Why does parenthesis make difference in calculating gradient

When working on notebook I realized that calculating the gradient of regularization term in backward_propagation_with_regularization function, the following is different:

  1. (lambd / m * W3)
  2. (lambd / (m*W3))
    (first works fine whereas second gives error with other test cases)
    So I believe it might be about “rounding” etc, but if it does how can we know which version is correct?
    If it is not about that, why is that? Is there something about python’s implementation? Can you help me with this?
    Thanks in advance!

It’s not about rounding. It’s about “order of operations”. The other common term for this is “operator precedence”. This is a pretty big deal to understand. Try the following experiment:

m = 5
x = 1 / 2 * m
y = 1 / (2 * m)
print(f"x = {x}")
print(f"y = {y}")

If you are expecting x and y to have the same value, then you have a fundamental misunderstanding about how the “order of operations” works in python (and just about every other language I’ve ever seen).

The point is that * and / have the same “precedence” in python. Because of that, the expression for x is evaluated from left to right: it simply evaluates the / operation with the operands 1 and 2, giving 0.5. Then it sees the next operator which is * with operands 0.5 and m, so you end up with 2.5. If that’s not what you were intending, then you need to add the parentheses to change the order of evaluation.

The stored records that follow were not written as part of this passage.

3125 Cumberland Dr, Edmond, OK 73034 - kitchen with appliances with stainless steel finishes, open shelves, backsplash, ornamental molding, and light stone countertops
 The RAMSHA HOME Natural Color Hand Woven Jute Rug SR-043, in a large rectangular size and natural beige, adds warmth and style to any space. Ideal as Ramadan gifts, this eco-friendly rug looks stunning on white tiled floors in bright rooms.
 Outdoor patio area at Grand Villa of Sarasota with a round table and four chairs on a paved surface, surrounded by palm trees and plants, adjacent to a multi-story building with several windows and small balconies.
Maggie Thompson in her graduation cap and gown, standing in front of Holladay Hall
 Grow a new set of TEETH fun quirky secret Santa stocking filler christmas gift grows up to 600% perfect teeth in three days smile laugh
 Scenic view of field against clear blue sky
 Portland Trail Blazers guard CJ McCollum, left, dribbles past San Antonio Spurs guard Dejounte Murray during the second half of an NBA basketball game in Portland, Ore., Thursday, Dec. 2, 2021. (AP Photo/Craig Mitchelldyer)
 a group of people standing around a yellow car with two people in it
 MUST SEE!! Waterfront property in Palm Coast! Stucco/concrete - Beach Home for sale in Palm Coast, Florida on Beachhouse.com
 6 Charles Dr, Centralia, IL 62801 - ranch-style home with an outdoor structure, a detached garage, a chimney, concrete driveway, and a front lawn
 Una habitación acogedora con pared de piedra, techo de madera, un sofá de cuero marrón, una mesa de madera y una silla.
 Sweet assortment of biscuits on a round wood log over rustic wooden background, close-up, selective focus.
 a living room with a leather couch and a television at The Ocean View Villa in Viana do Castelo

This is not a beginning programming class. If the above is a surprise to you, you might want to consider putting these courses on “pause” and taking an “intro to python” course.

1 Like

Or to put this another way, the reason that your two python expressions are different is that 1) says this in standard math notation:

\displaystyle \frac {\lambda}{m} W^{[3]}

Whereas expression 2) means this:

\displaystyle \frac {\lambda}{m W^{[3]}}

So which python expression you use depends on what you are trying to say mathematically. Parentheses matter. :nerd_face:

1 Like

Oh, it is completely silly of me, having barely sleep for the last two days. I thought the formula was (1/(m*W)) so that the problem was about rounding. Thanks for very clear explanation anyway. Seeing my question now, it doesn’t even make sense to me :’)